[Short web captions]
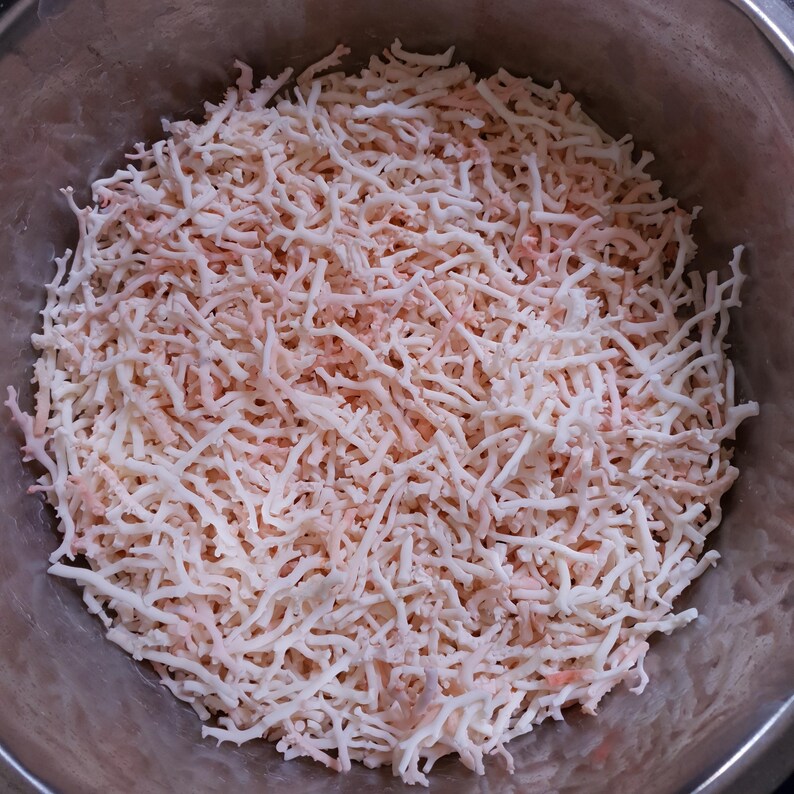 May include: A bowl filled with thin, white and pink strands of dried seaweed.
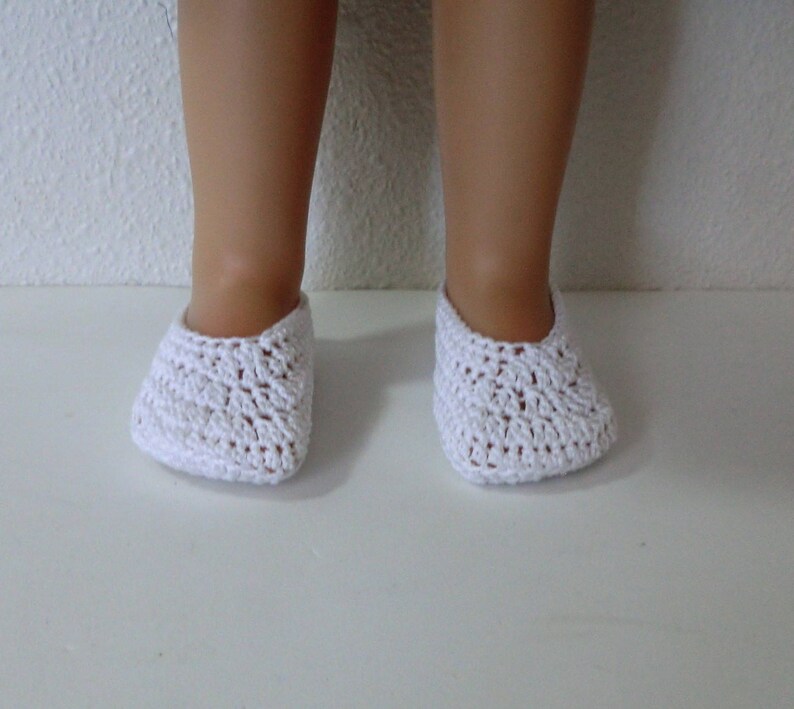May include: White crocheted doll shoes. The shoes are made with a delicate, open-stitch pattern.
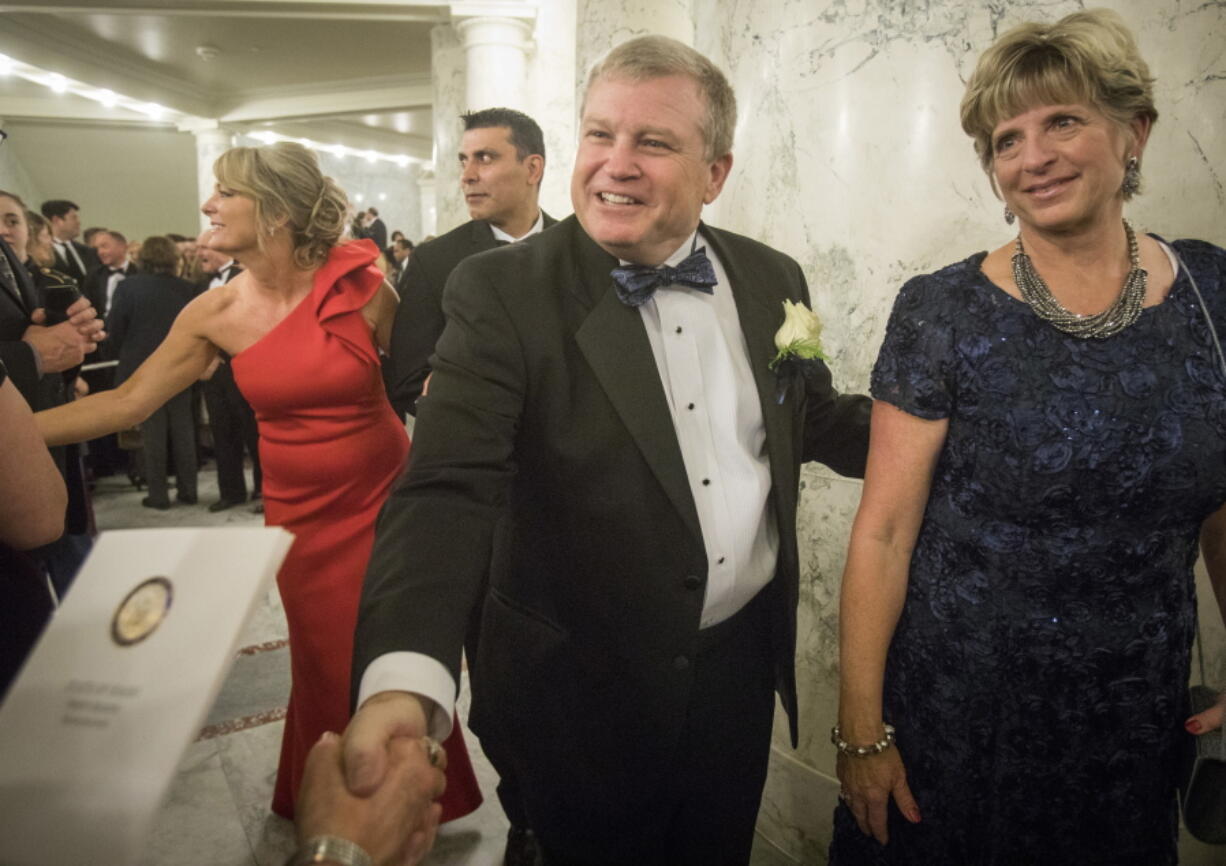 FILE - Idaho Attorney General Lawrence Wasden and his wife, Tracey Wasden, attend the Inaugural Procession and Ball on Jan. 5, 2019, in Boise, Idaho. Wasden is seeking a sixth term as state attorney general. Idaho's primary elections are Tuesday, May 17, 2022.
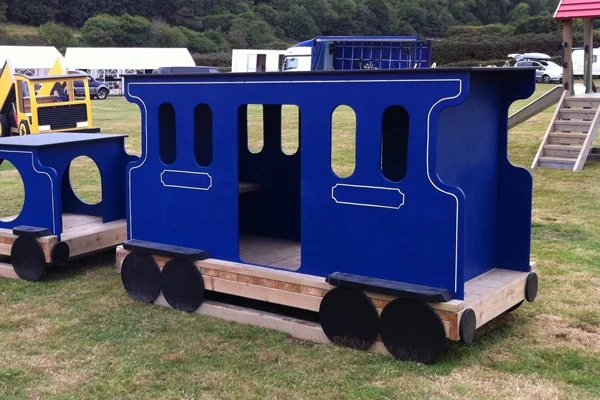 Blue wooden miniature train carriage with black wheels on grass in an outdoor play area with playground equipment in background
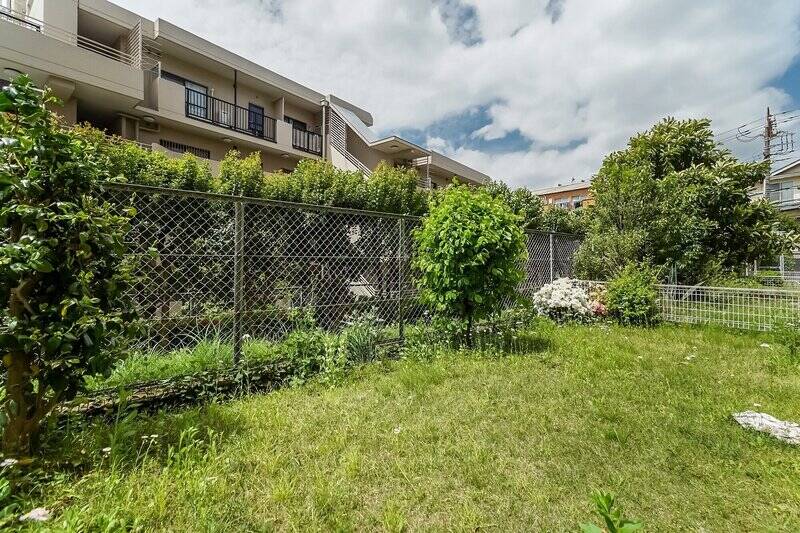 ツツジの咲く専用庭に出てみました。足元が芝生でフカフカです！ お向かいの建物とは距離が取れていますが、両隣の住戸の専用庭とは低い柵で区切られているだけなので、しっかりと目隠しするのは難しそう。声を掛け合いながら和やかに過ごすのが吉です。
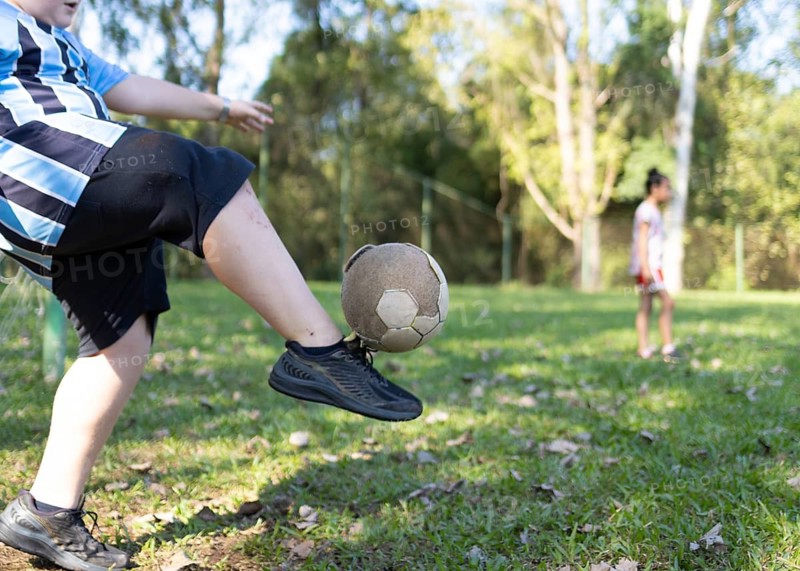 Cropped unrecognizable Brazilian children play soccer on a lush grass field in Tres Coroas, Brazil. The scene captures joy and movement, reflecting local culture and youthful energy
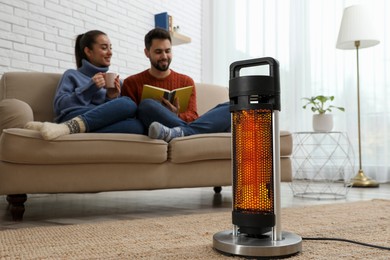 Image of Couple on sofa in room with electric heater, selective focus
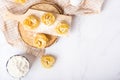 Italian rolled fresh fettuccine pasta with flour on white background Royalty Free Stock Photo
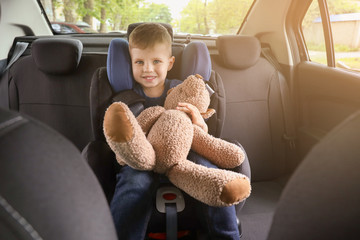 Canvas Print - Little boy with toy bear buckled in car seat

### Problem description
Transcribe all the records above word for word, without their images.

### Result
 May include: A bowl filled with thin, white and pink strands of dried seaweed.
May include: White crocheted doll shoes. The shoes are made with a delicate, open-stitch pattern.
 FILE - Idaho Attorney General Lawrence Wasden and his wife, Tracey Wasden, attend the Inaugural Procession and Ball on Jan. 5, 2019, in Boise, Idaho. Wasden is seeking a sixth term as state attorney general. Idaho's primary elections are Tuesday, May 17, 2022.
 Blue wooden miniature train carriage with black wheels on grass in an outdoor play area with playground equipment in background
 ツツジの咲く専用庭に出てみました。足元が芝生でフカフカです！ お向かいの建物とは距離が取れていますが、両隣の住戸の専用庭とは低い柵で区切られているだけなので、しっかりと目隠しするのは難しそう。声を掛け合いながら和やかに過ごすのが吉です。
 Cropped unrecognizable Brazilian children play soccer on a lush grass field in Tres Coroas, Brazil. The scene captures joy and movement, reflecting local culture and youthful energy
 Image of Couple on sofa in room with electric heater, selective focus
 Italian rolled fresh fettuccine pasta with flour on white background Royalty Free Stock Photo
 Canvas Print - Little boy with toy bear buckled in car seat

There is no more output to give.